Exercise objective
Set down exactly the lines from the one containing "Wayne Swett tweet media" to the final line of the records below, with every picture omitted.

Input
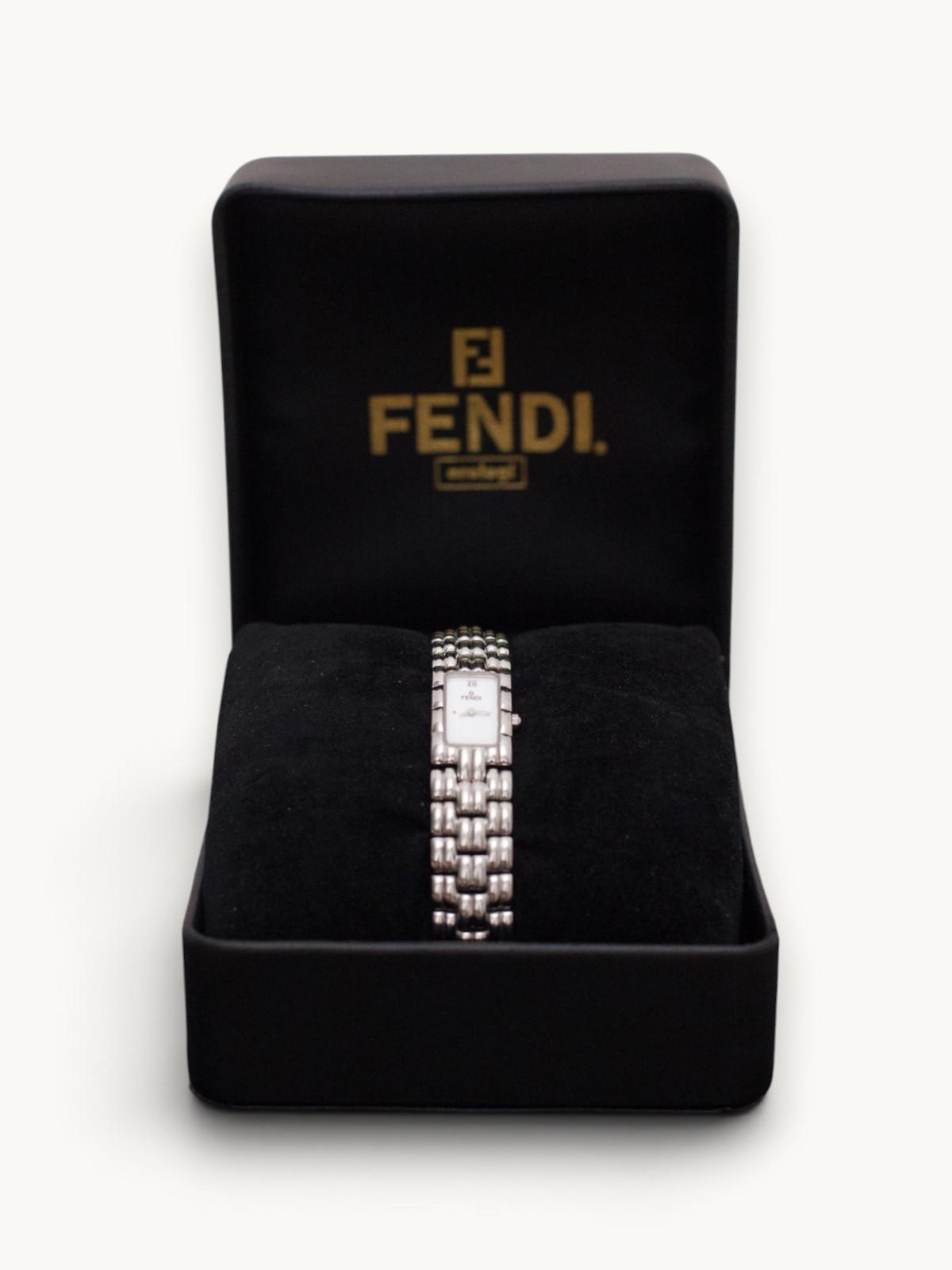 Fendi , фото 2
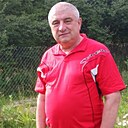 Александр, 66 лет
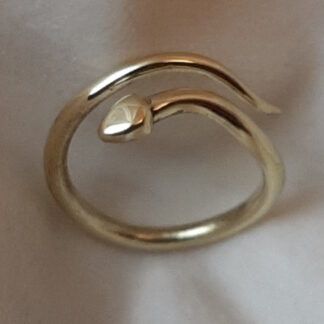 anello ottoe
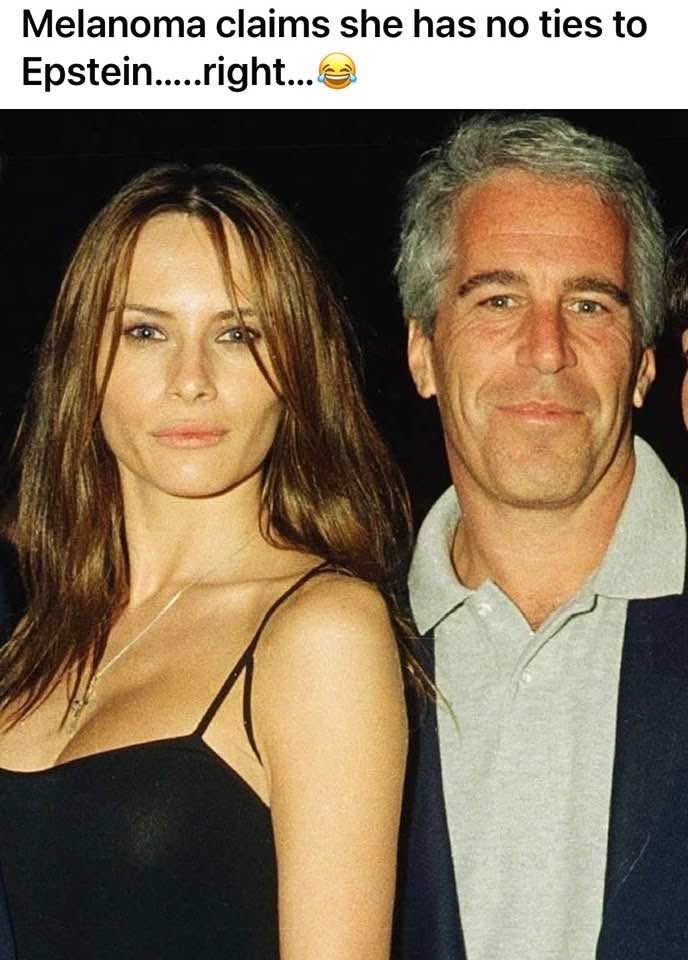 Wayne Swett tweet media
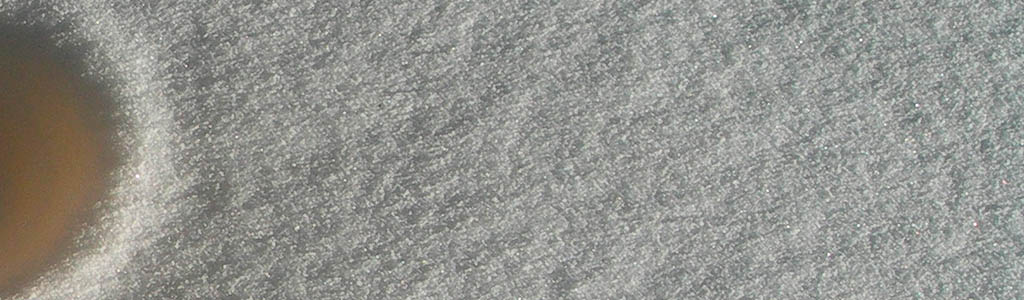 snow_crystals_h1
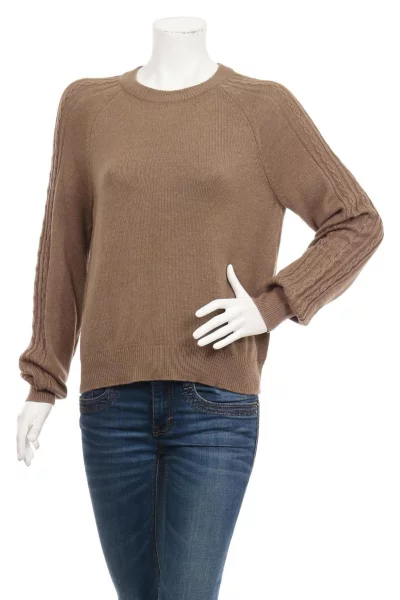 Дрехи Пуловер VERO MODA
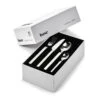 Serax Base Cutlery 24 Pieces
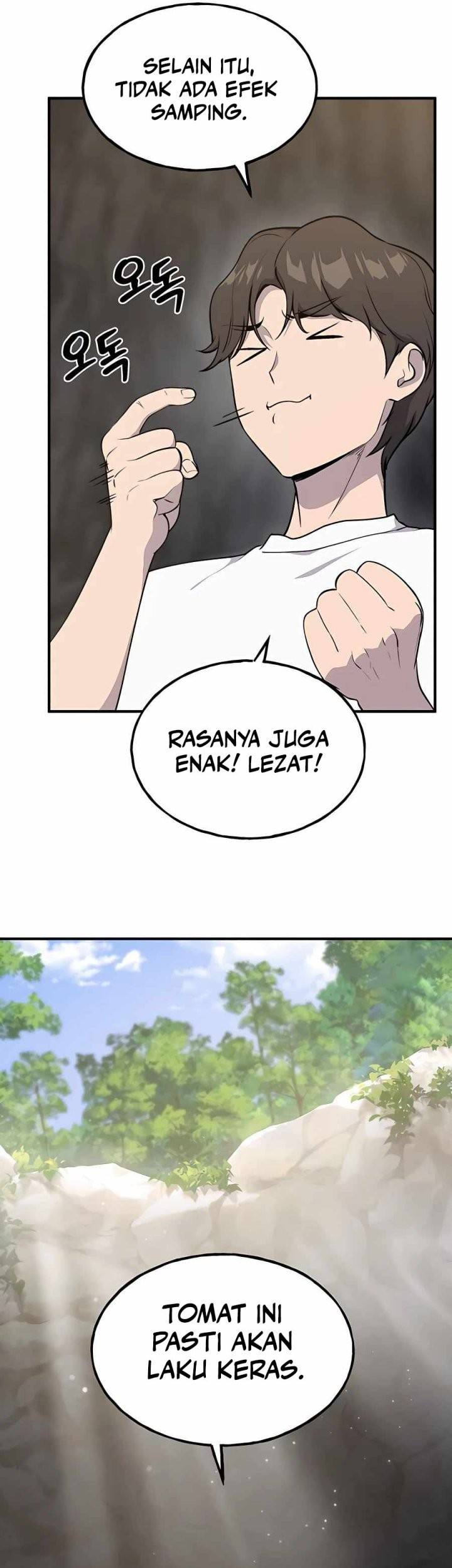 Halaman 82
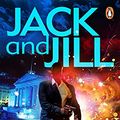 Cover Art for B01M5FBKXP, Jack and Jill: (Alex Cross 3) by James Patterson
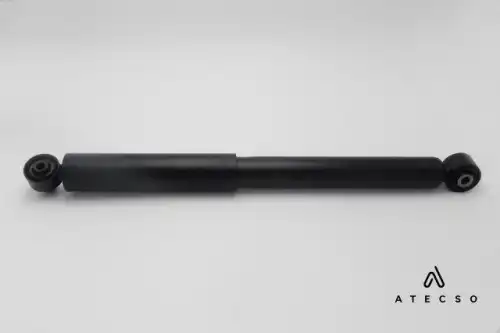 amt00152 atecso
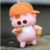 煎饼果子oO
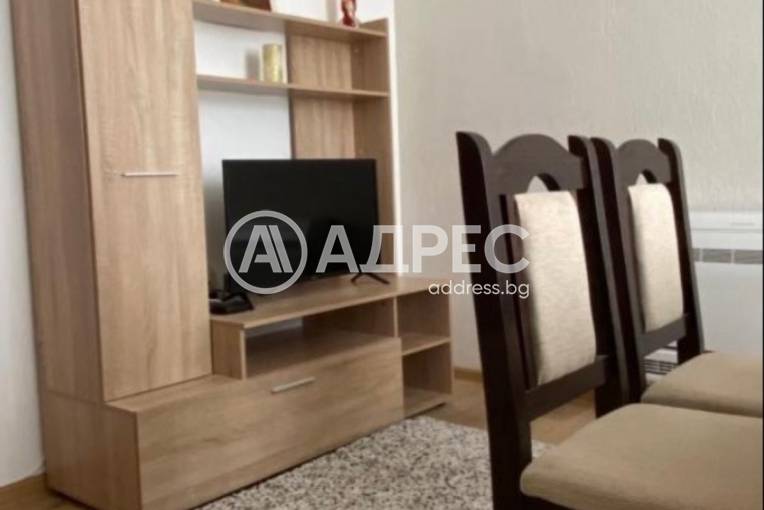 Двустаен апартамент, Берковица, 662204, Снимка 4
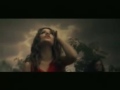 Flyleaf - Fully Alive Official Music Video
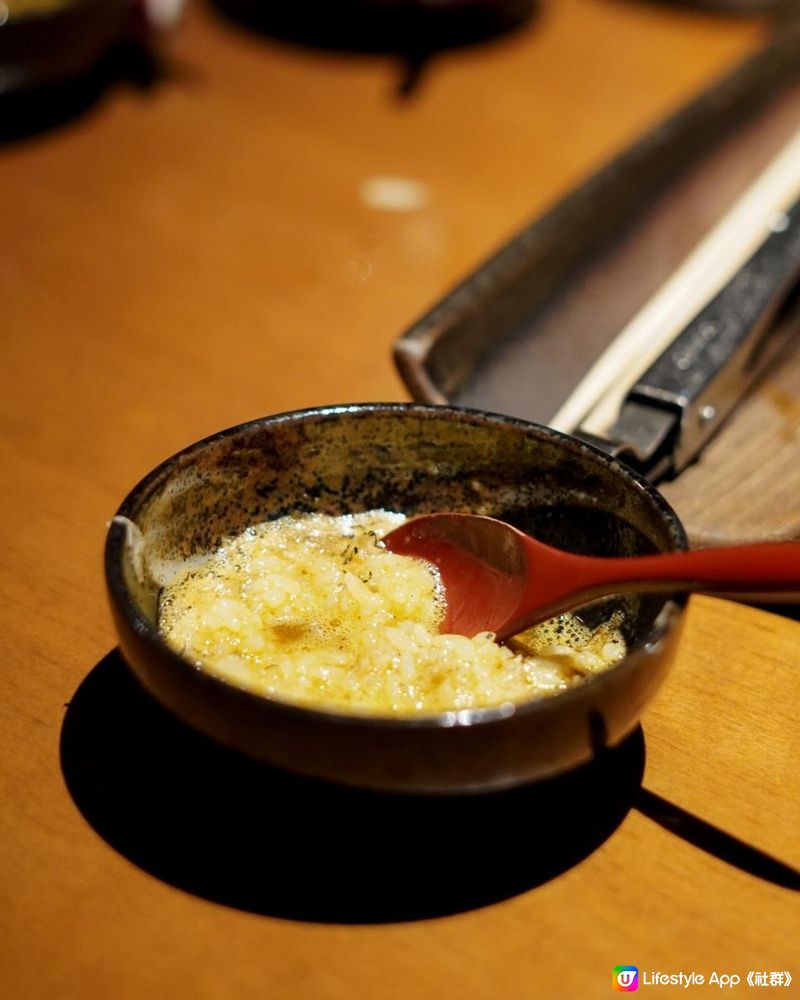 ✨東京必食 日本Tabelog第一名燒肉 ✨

Expected answer
 Wayne Swett tweet media
 snow_crystals_h1
 Дрехи Пуловер VERO MODA
 Serax Base Cutlery 24 Pieces
 Halaman 82
 Cover Art for B01M5FBKXP, Jack and Jill: (Alex Cross 3) by James Patterson
 amt00152 atecso
 煎饼果子oO
 Двустаен апартамент, Берковица, 662204, Снимка 4
 Flyleaf - Fully Alive Official Music Video
 ✨東京必食 日本Tabelog第一名燒肉 ✨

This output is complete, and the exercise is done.